*Records for the exercise*:
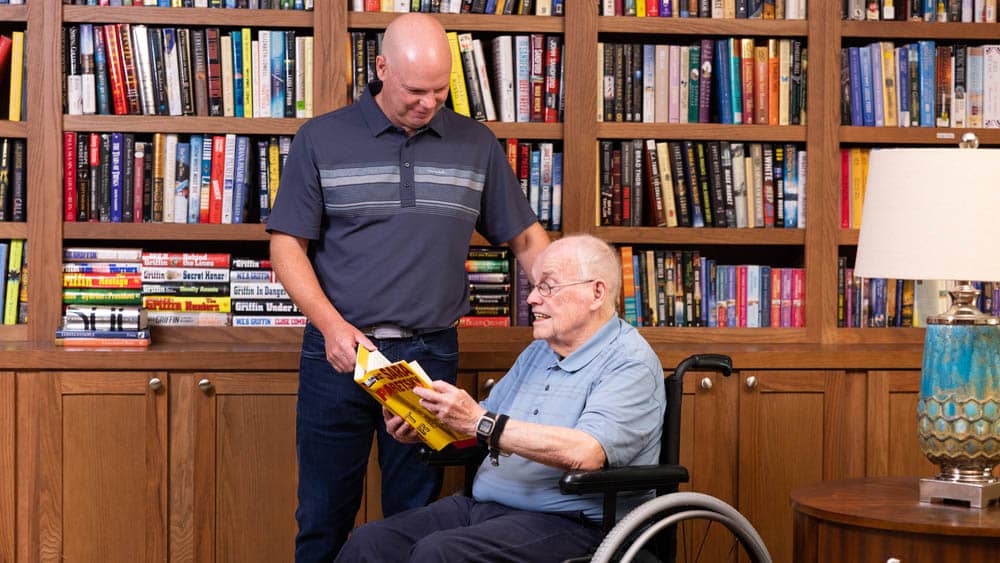 A male caregiver is standing next to a senior male client who is sitting in a wheelchair, looking at a book in a library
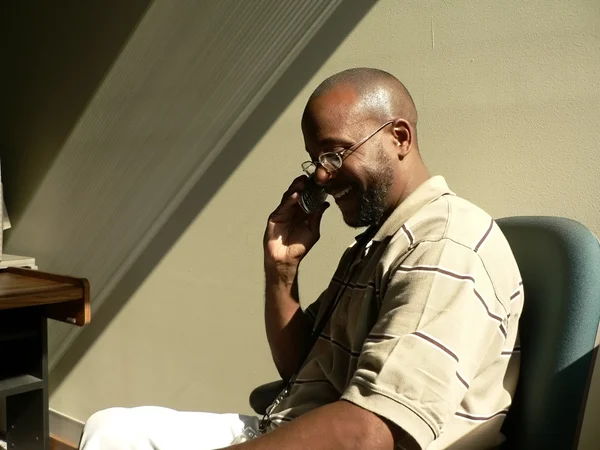 Człowiek rozmowy na telefon komórkowy w cieniu — Zdjęcie stockowe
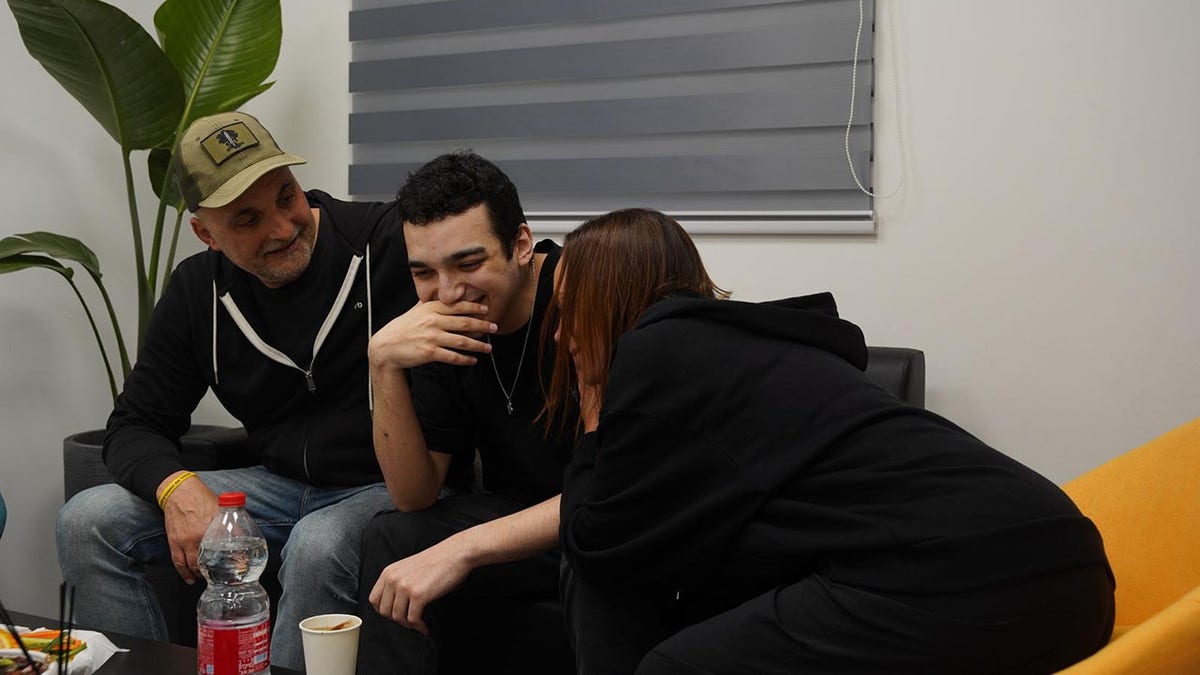Edan Alexander speaks with loved ones following his release.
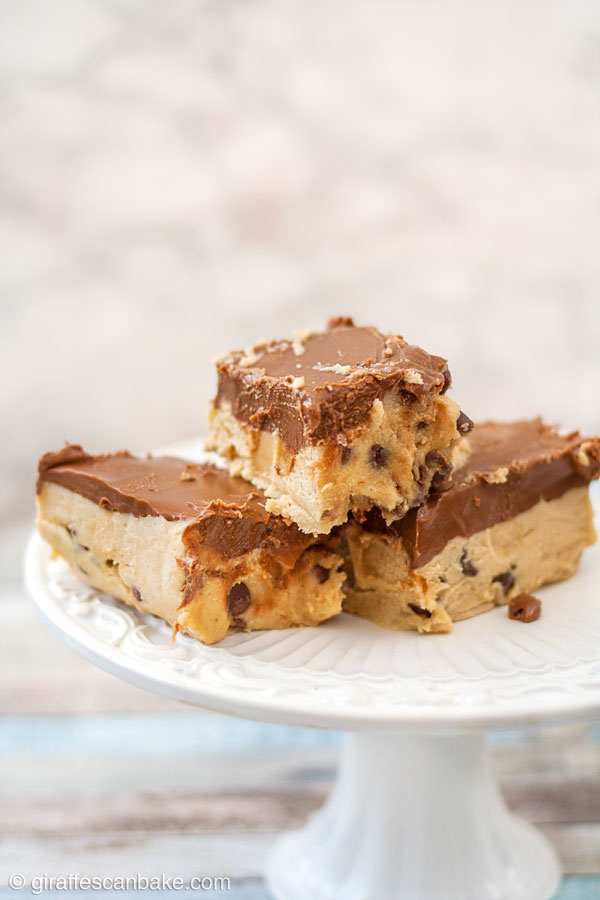 These Gluten Free Peanut Butter Cookie Dough Bars are decadence at its finest! Soft, delicious gluten free cookie dough is combined with peanut butter, made into a bar and topped with chocolate and peanut butter combined. They're no bake, so easy to make, and absolutely yummy!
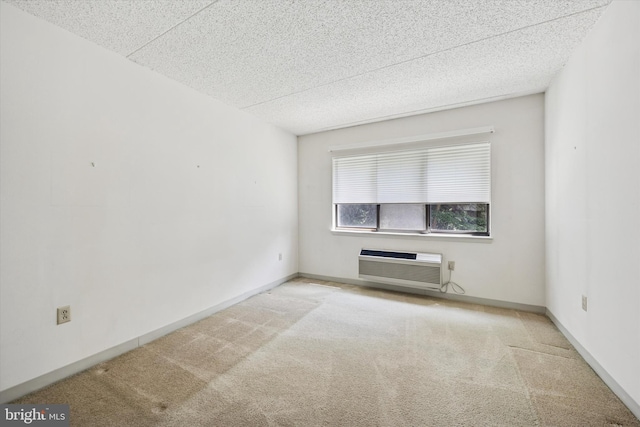 800 Avondale Rd Unit 2C, Wallingford, PA 19086 - carpeted spare room featuring a textured ceiling and a wall mounted air conditioner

*Problem to solve*: All the records need to be printed again exactly as written, though without their pictures.

*Written solution*:
 A male caregiver is standing next to a senior male client who is sitting in a wheelchair, looking at a book in a library
 Człowiek rozmowy na telefon komórkowy w cieniu — Zdjęcie stockowe
Edan Alexander speaks with loved ones following his release.
 These Gluten Free Peanut Butter Cookie Dough Bars are decadence at its finest! Soft, delicious gluten free cookie dough is combined with peanut butter, made into a bar and topped with chocolate and peanut butter combined. They're no bake, so easy to make, and absolutely yummy!
 800 Avondale Rd Unit 2C, Wallingford, PA 19086 - carpeted spare room featuring a textured ceiling and a wall mounted air conditioner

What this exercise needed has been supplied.